Collected data
• • • •
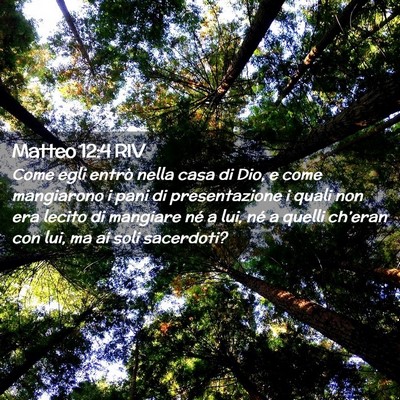 Picture 02 - Matteo 12:4 RIV - Come egli entrò nella casa di Dio, e come - Bible Verse Picture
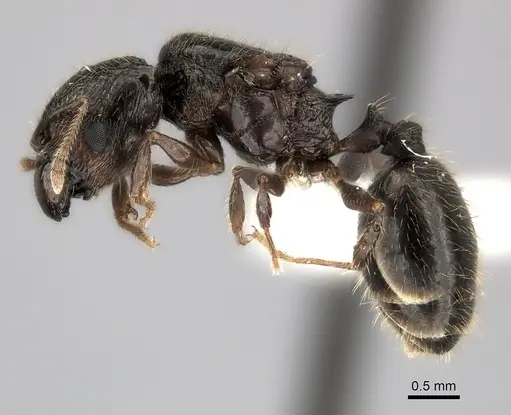 Pheidole podargea specimen CASENT0406673 image casent0406673_3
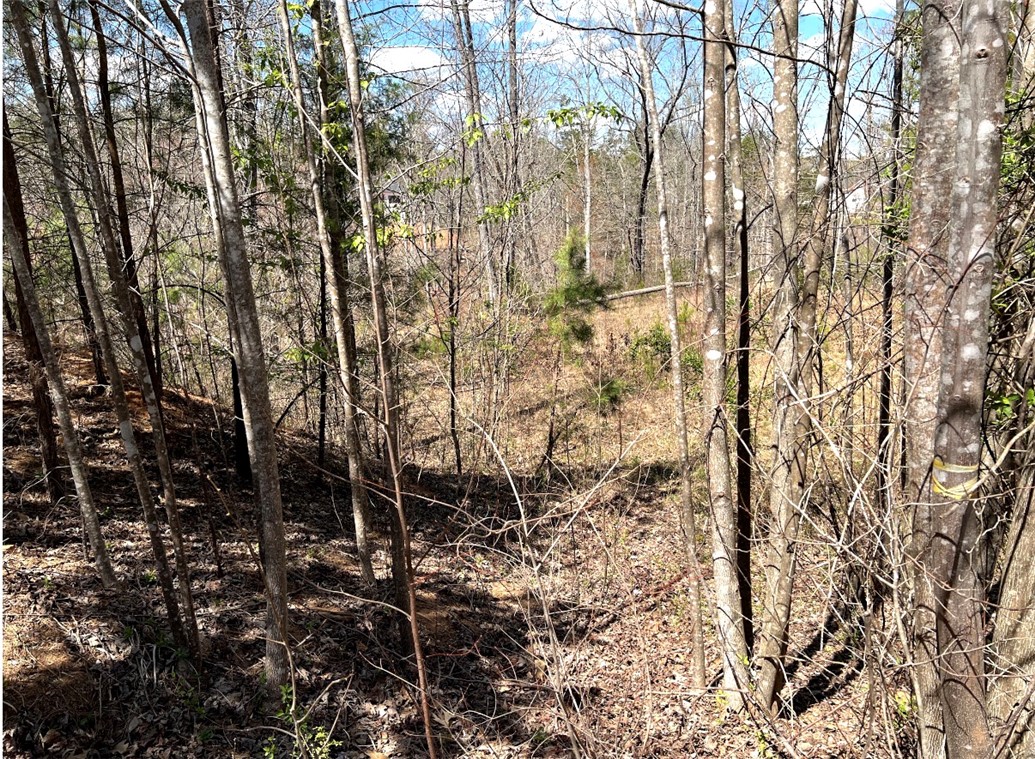Lot 48 Stardust Lane Seneca, SC 29672 - Photo 18 of 29
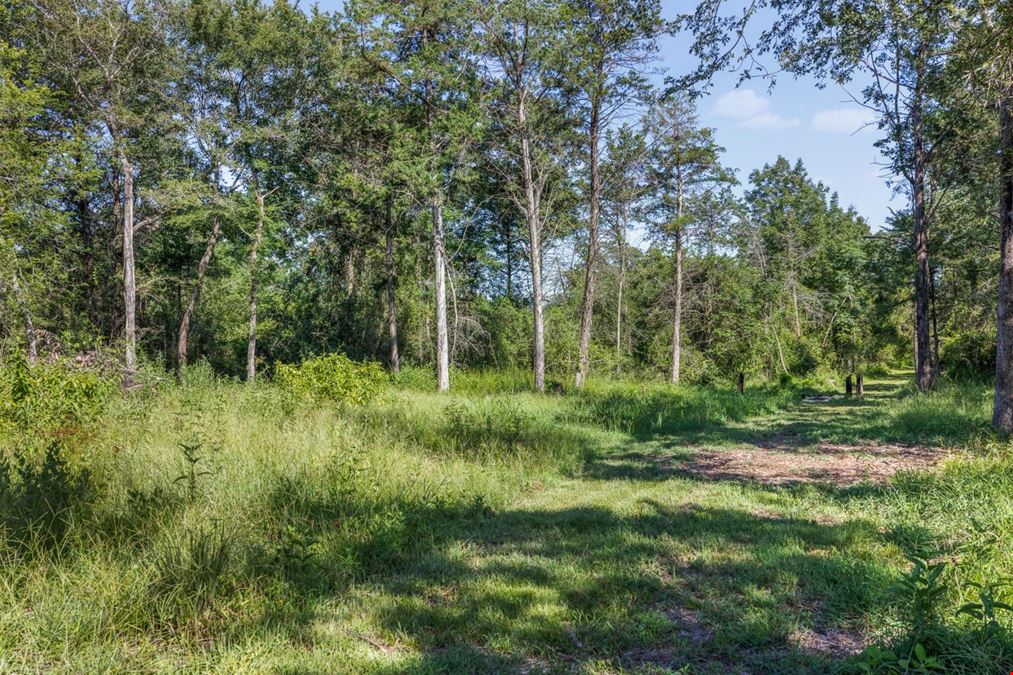16135 Wilson Pasture Road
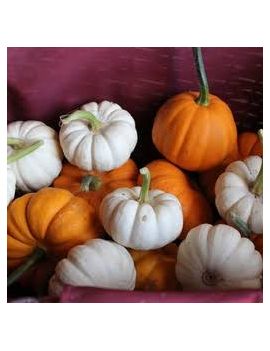 Patidou-pompoen (4 kg)...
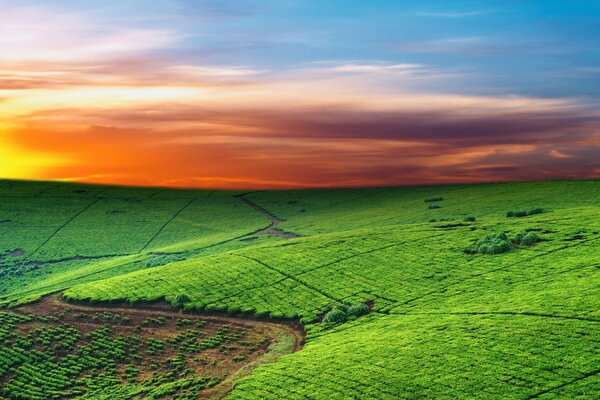 Horizont über dem grünen Feld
• • • •
## Work to be completed
Write the lines out exactly, beginning at the line that holds "Pheidole podargea specimen" and stopping after the last line of the entries; include no pictures.

## Task result
 Pheidole podargea specimen CASENT0406673 image casent0406673_3
Lot 48 Stardust Lane Seneca, SC 29672 - Photo 18 of 29
16135 Wilson Pasture Road
 Patidou-pompoen (4 kg)...
 Horizont über dem grünen Feld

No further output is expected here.